▶ INFORMATION:
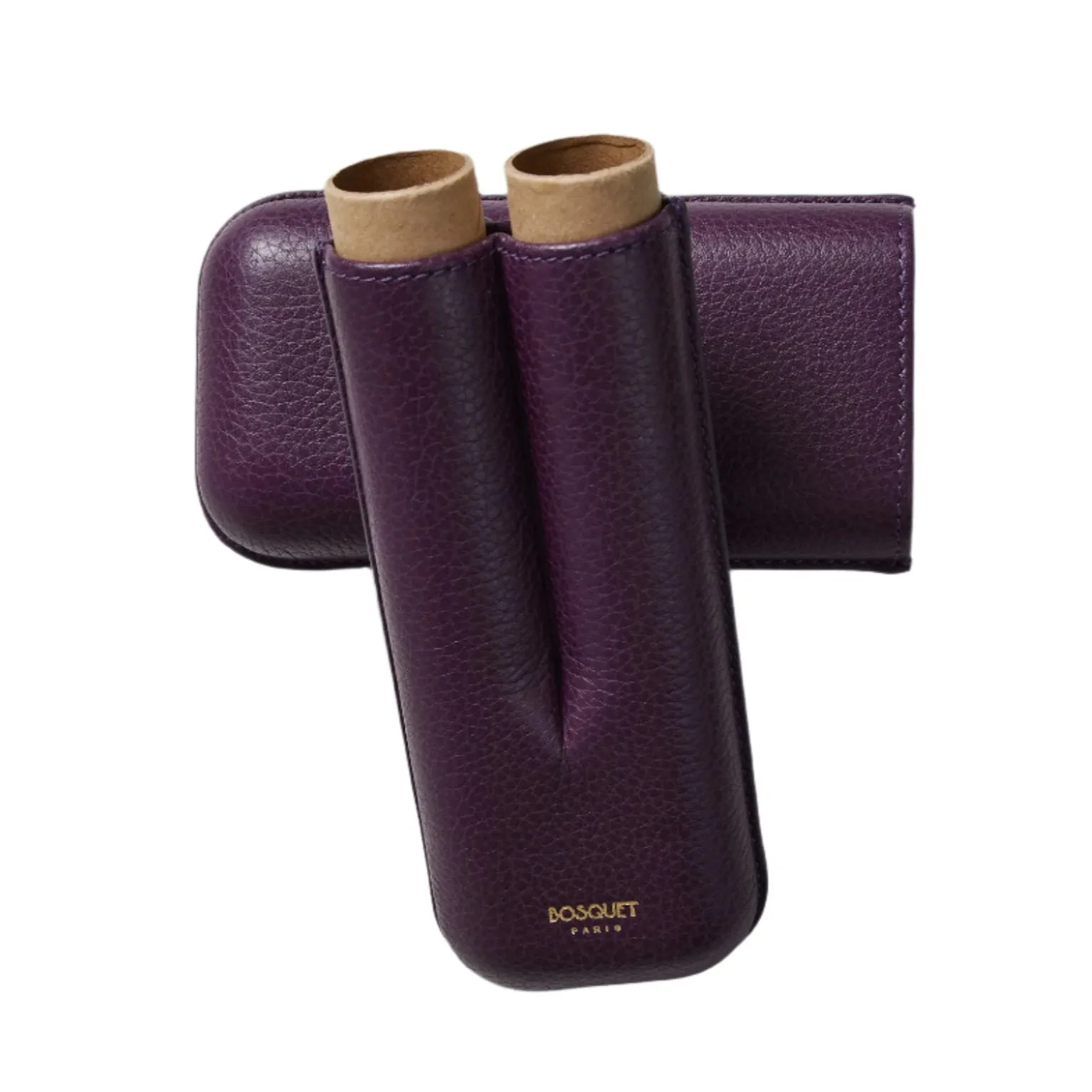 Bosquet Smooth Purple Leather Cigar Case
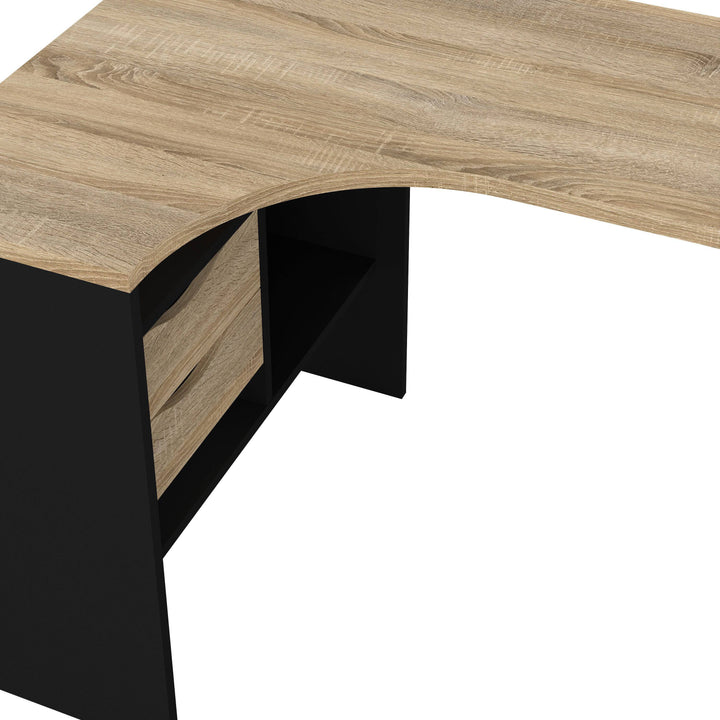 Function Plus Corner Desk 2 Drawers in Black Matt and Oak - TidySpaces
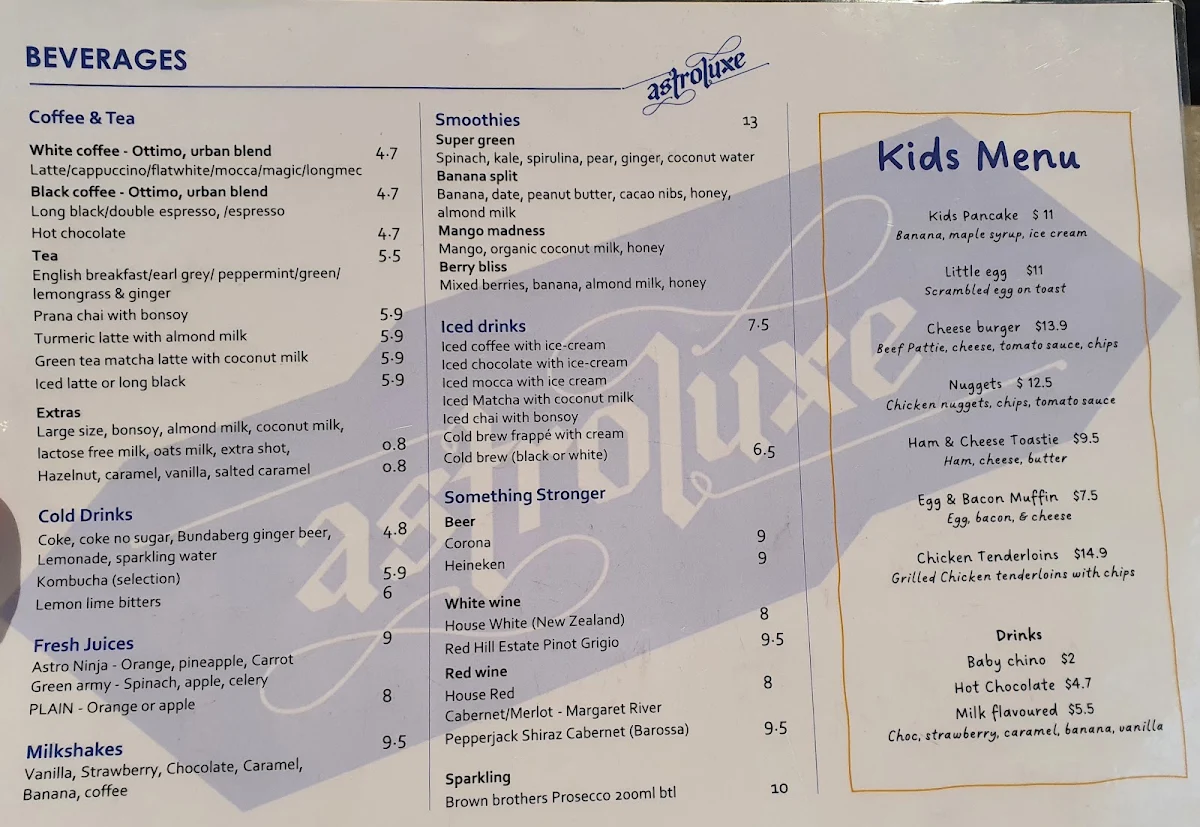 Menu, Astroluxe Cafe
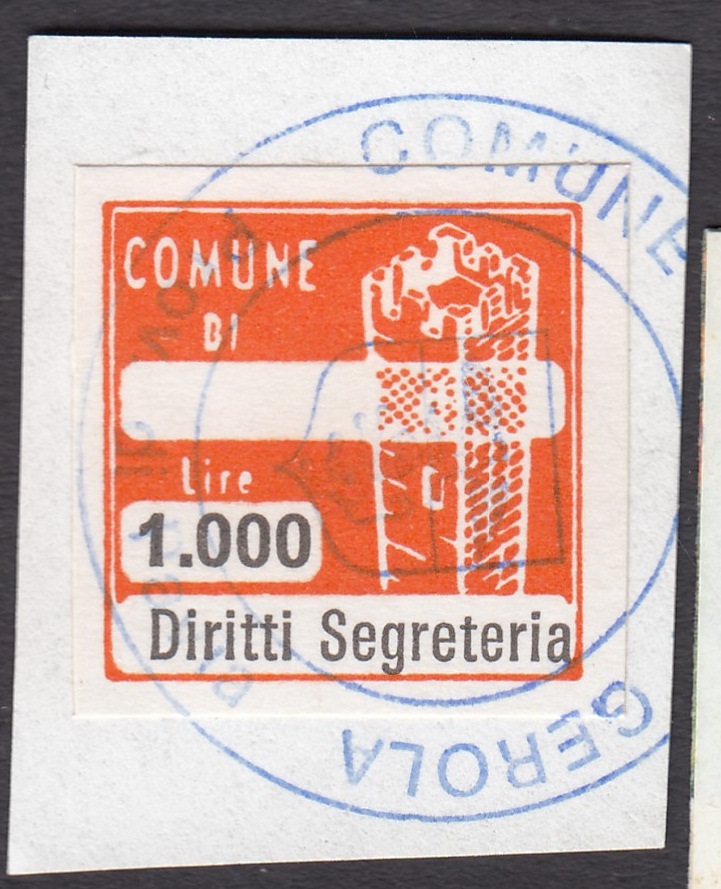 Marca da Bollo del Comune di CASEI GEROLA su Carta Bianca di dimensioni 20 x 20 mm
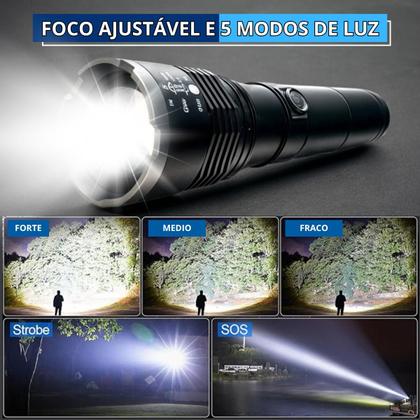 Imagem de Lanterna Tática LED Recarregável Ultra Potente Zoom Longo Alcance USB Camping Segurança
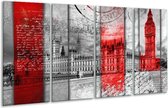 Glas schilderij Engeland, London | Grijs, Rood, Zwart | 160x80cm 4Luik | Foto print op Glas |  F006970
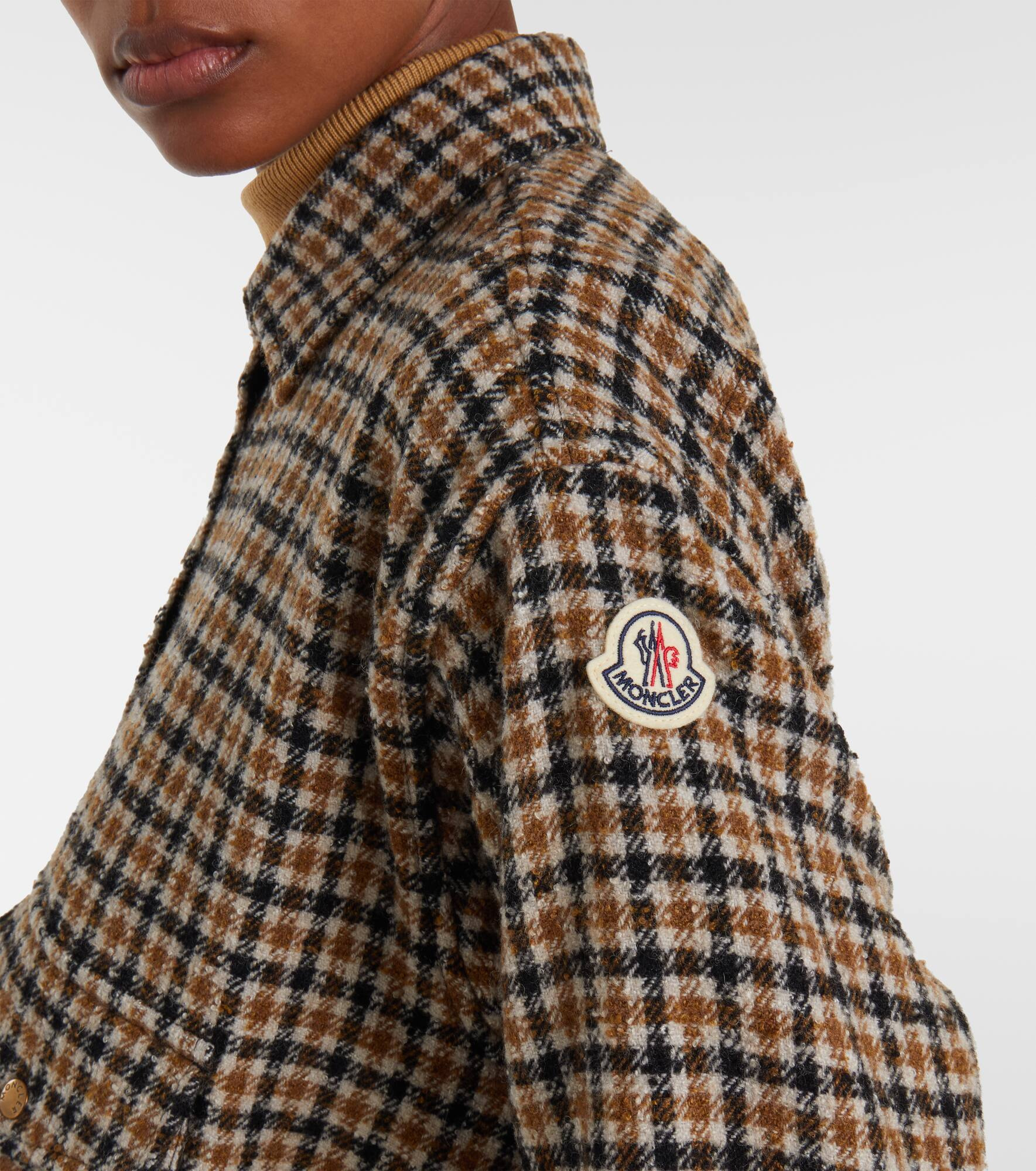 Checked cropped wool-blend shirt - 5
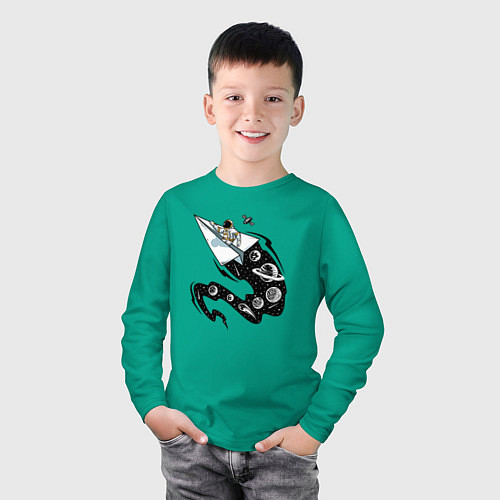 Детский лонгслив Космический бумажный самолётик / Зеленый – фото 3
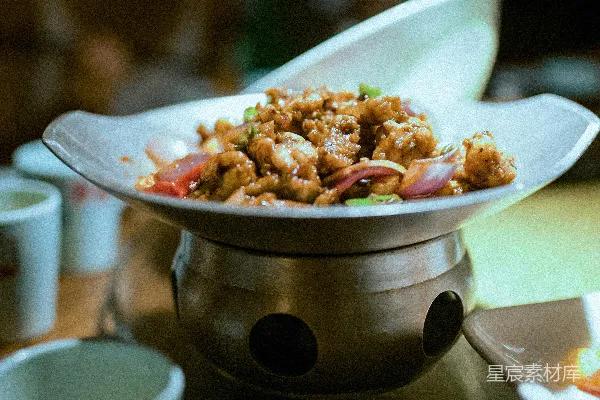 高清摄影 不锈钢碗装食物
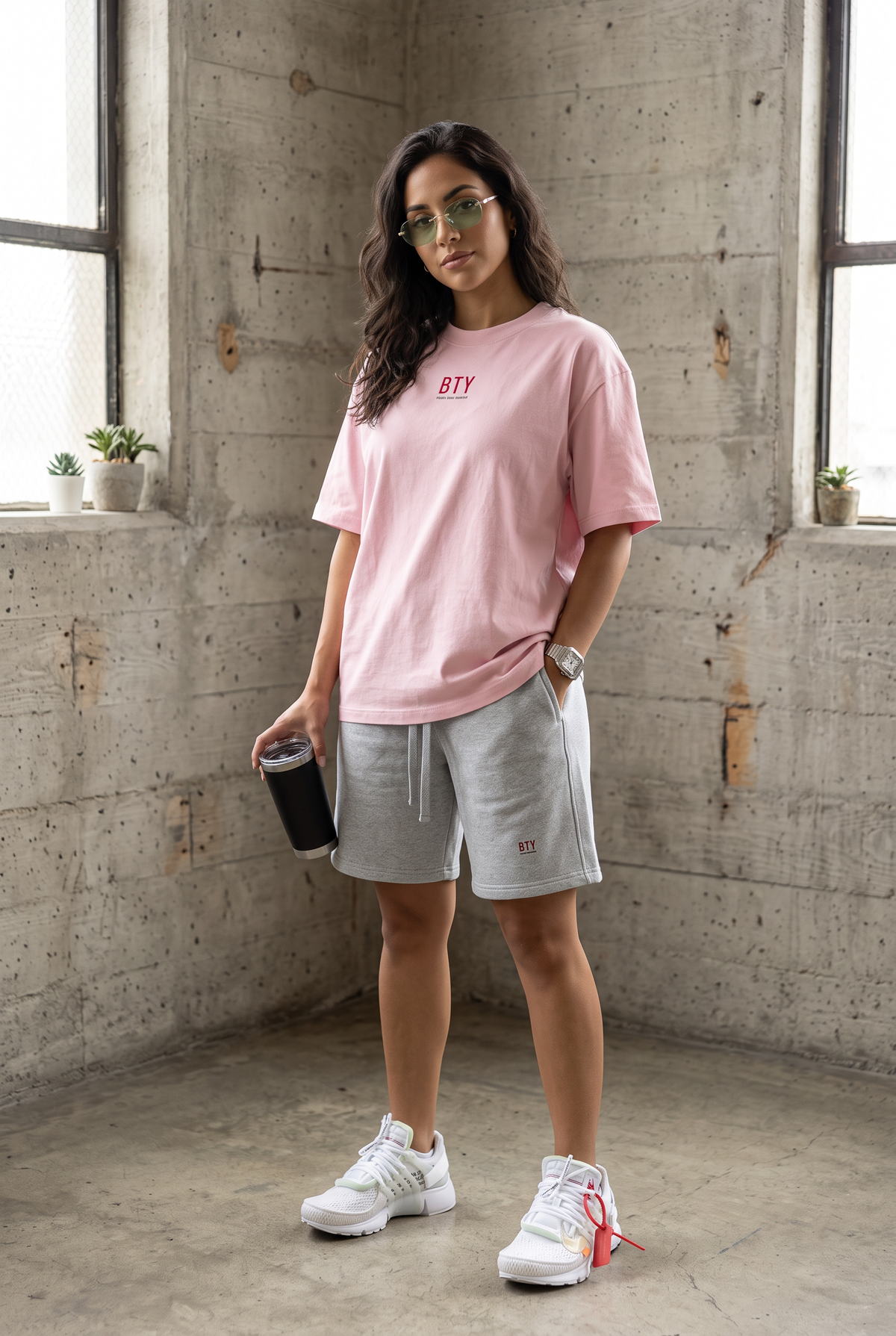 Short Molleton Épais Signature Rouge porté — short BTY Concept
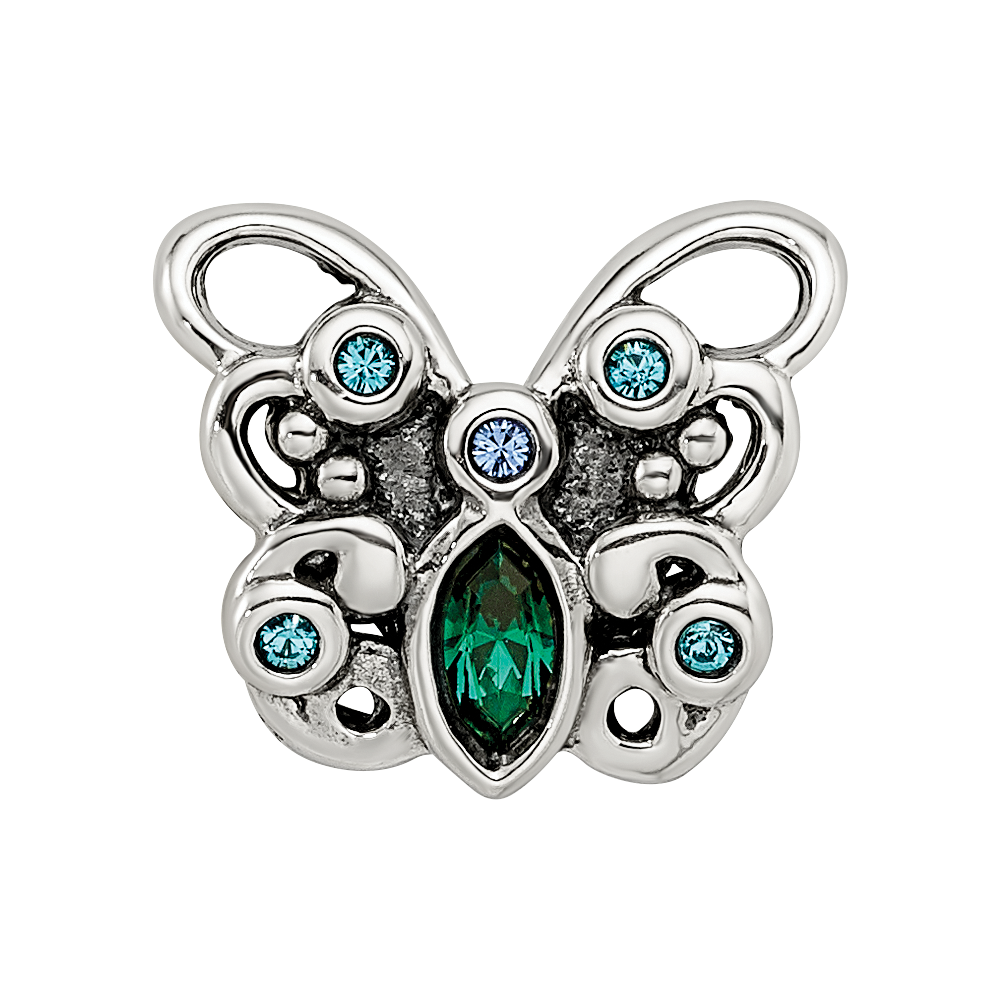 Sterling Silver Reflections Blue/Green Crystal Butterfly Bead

▶ YOUR ASSIGNMENT: Going from the line that holds "Checked cropped wool-blend shirt - 5" to the end of the listing above, copy each line exactly and nothing more, leaving pictures aside.

▶ SOLUTION BELOW:
 Checked cropped wool-blend shirt - 5
 Детский лонгслив Космический бумажный самолётик / Зеленый – фото 3
 高清摄影 不锈钢碗装食物
 Short Molleton Épais Signature Rouge porté — short BTY Concept
 Sterling Silver Reflections Blue/Green Crystal Butterfly Bead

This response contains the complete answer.